On Wednesday, she filed a lawsuit against the school in Tarrant County. The lawsuit also named Ian Craig, the head of the school, as a defendant. Craig said he cannot comment on pending litigation. The school is on spring break this week.
On Feb. 12, a former student of McLaughlin’s told her a teacher touched her inappropriately as a basketball game, McLaughlin said. The teacher pressed himself up closely behind the female student and touched her backside, the student told McLaughlin.
“She was shaking, crying. I was really, really concerned about that student,” McLaughlin said.
McLaughlin is close friends with the student’s family and spoke with her mother, who said the school had already contacted Child Protective Services. That afternoon, McLaughlin visited the student’s home to talk with her parents.
About two weeks later, on March 4, McLaughlin was called into a meeting with Craig, the head of the school, she said. She says he told her she was being fired for talking with the student’s mother, saying she violated the school’s policies of harassment, dissemination of confidential information, and not reporting abuse.
She was escorted off campus by security, she said.
McLaughlin said the school’s accusations do not make sense because the alleged abuse had already been reported to CPS.
“I was upset that I wasn’t able to go and lend support to a family whose daughter had been traumatized,” McLaughlin said. “That I was being fired for that.”
McLaughlin said she cried all weekend after being fired because she did not get to say goodbye to her students or explain the situation.
“I’m really upset that I don’t get to even tell them how amazing they all are and that I want the best for them,” she said. “And that the reason I was terminated was because I wanted to protect them.”
McLaughlin said part of the reason she was fired was because she previously filed a complaint with the school for gender bias.
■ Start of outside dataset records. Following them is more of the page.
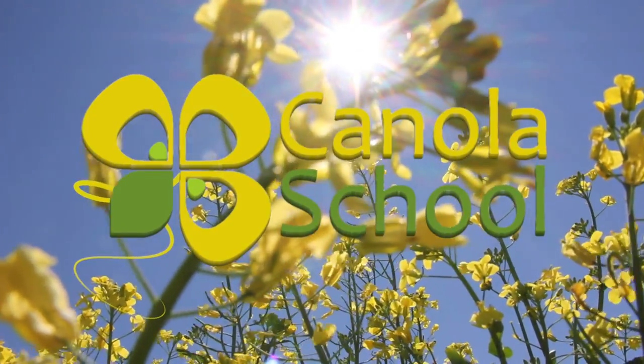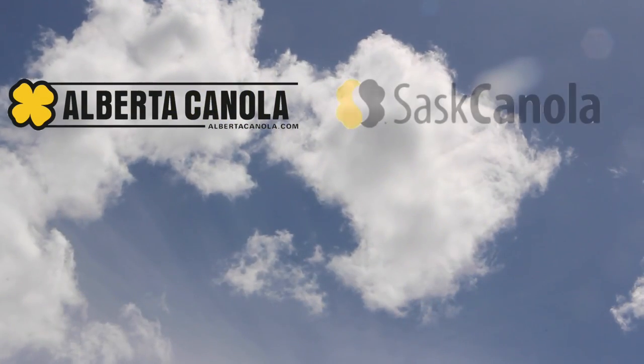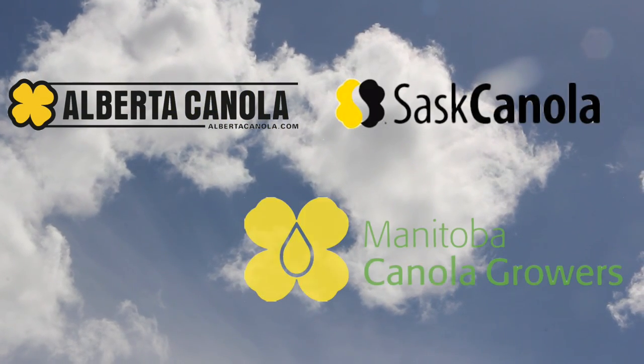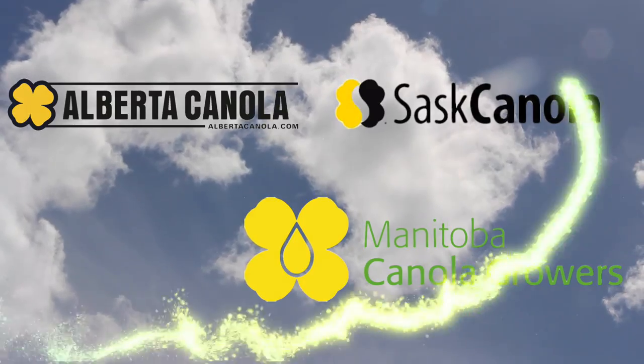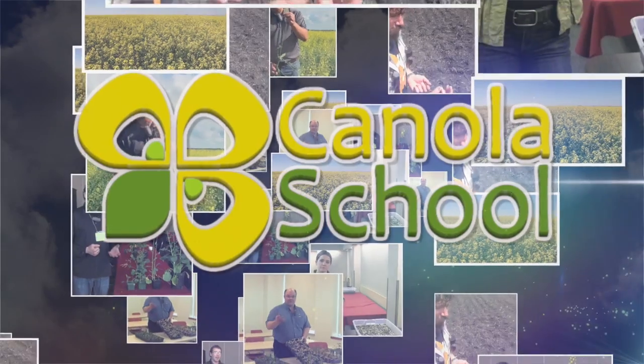The Canola School on RealAgriculture.com is brought to you by Alberta Canola Producers Commission, SAS Canola, and Manitoba Canola. Joining us here on RealAgriculture is Ian Epp, agronomy specialist and weed point person with the Canola Council of Canada. We're at Canolab in Brandon talking about cleaver control — cleavers have been and continue to be a major problem weed for growers in a good portion of Western Canada.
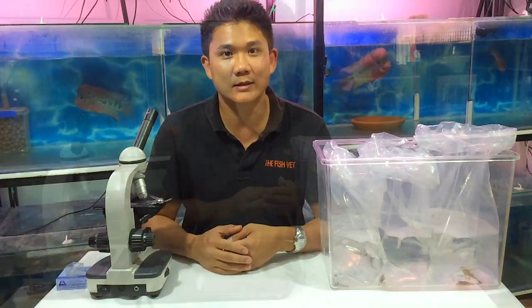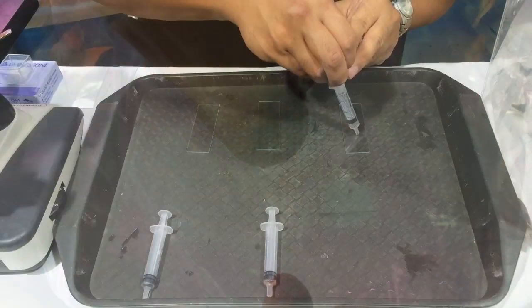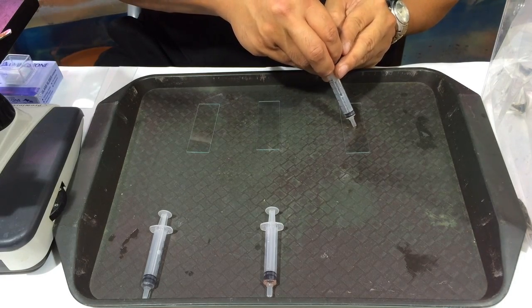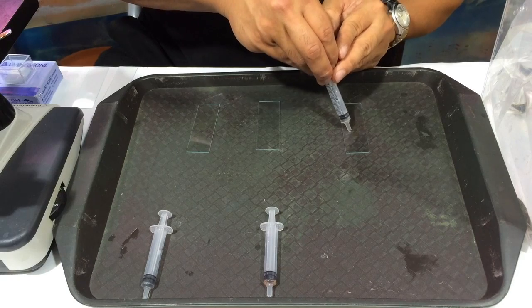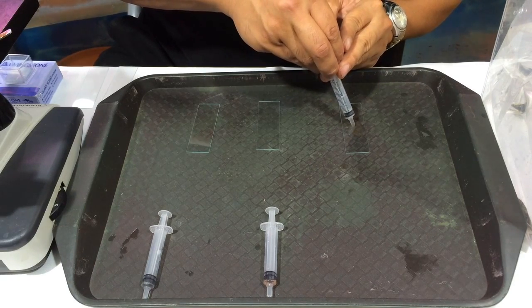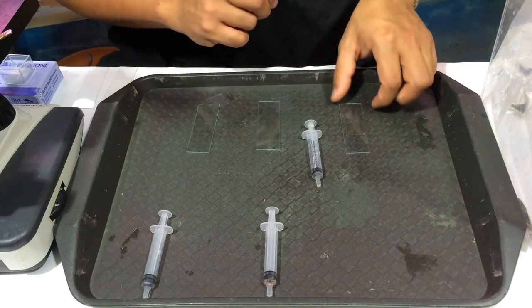We're doing some examinations of the stool samples to look for evidence of enteric parasites, or things that come from the intestines that are passed down through the feces. So we're just going to collect some samples. Here we've got the stool sample from the Gibiceps catfish and we'll just break it up a little bit by going up and down with a syringe. Then we'll just remove excess water, put the cover slip on, and then we can examine.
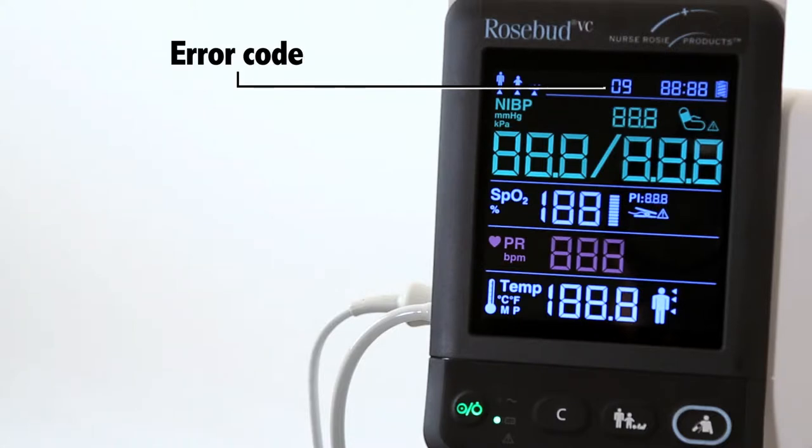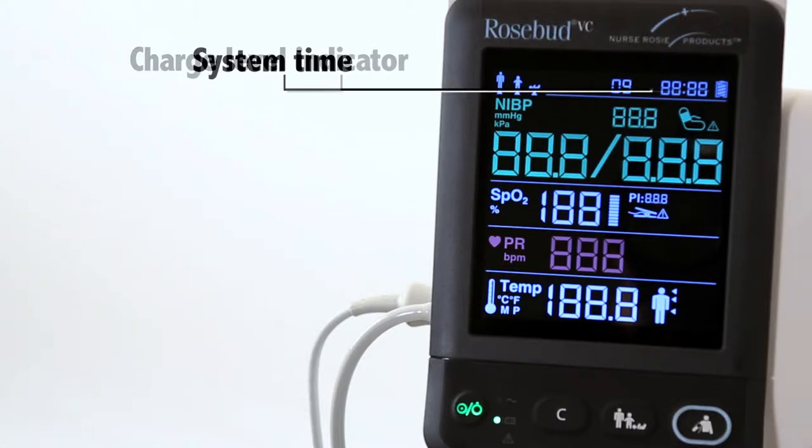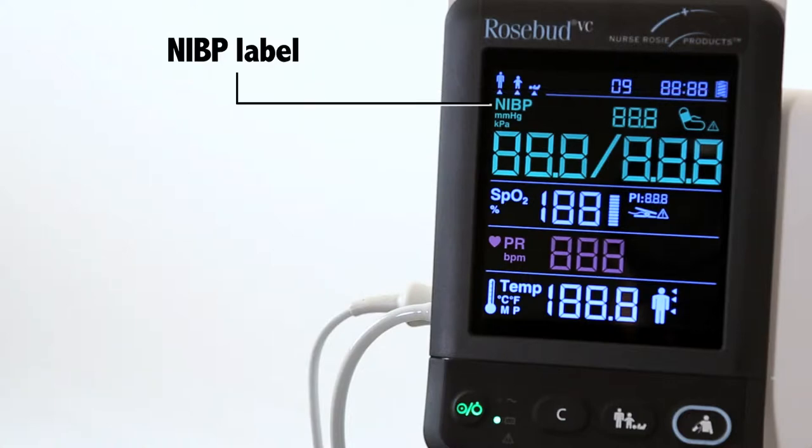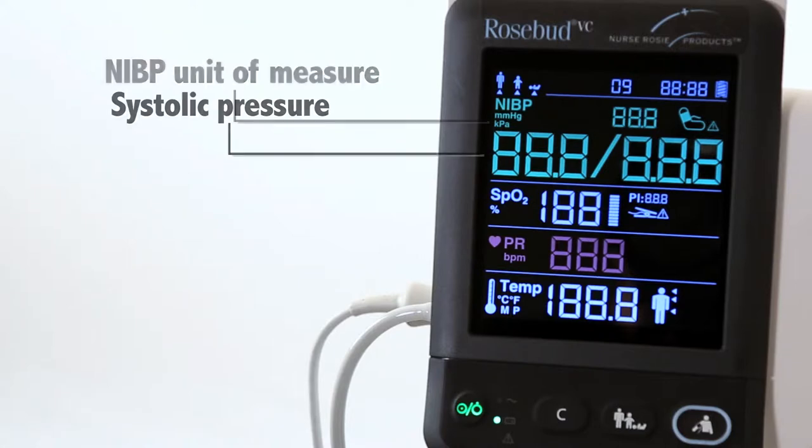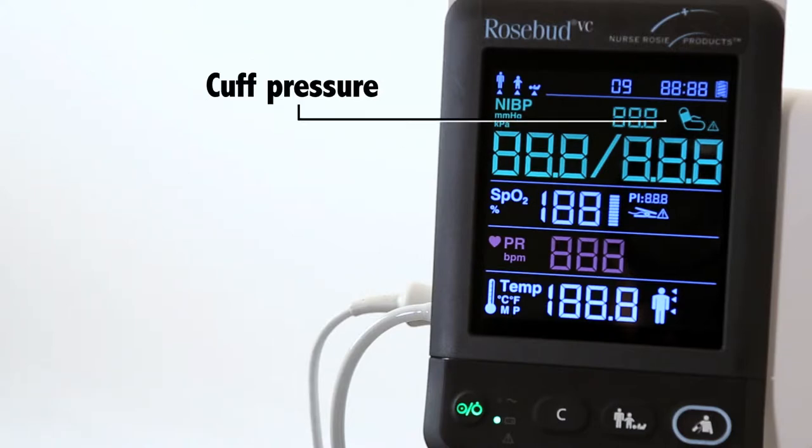The display also shows error code, system time, charge level indicator, NIBP label, NIBP unit of measure, systolic pressure, cuff pressure displayed during NIBP measurement.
She said female teachers were being reprimanded for the “tone” they used in the classroom, while male teachers never got in trouble for that reason.
Female teachers were told they were being “too harsh or aggressive” for the same tone of voice that would have been seen as commanding in a man, she said. When she confronted the head of the social studies department about the unfair reprimands in April, he told her she “crossed a red line,” according to the lawsuit.
McLaughlin filed a complaint with the Texas Workforce Commission in May 2019, but the school did not investigate, she said.
The teacher accused of touching the student inappropriately was reinstated at the school after an investigation by CPS and police. The family decided not to press charges, McLaughlin said.
After the school fired McLaughlin, they offered her a non-disclosure agreement, which she did not take, she said. The agreement would pay out the rest of her contract of about $20,000 and would bar McLaughlin from disparaging Trinity Valley or filing legal action against the school, she said.
“I would love to have my job back,” she said. “The four years I’ve been teaching there, I’ve met such amazing kids. I feel like there’s a giant hole in my heart because they’re gone, they’ve been ripped away from me.”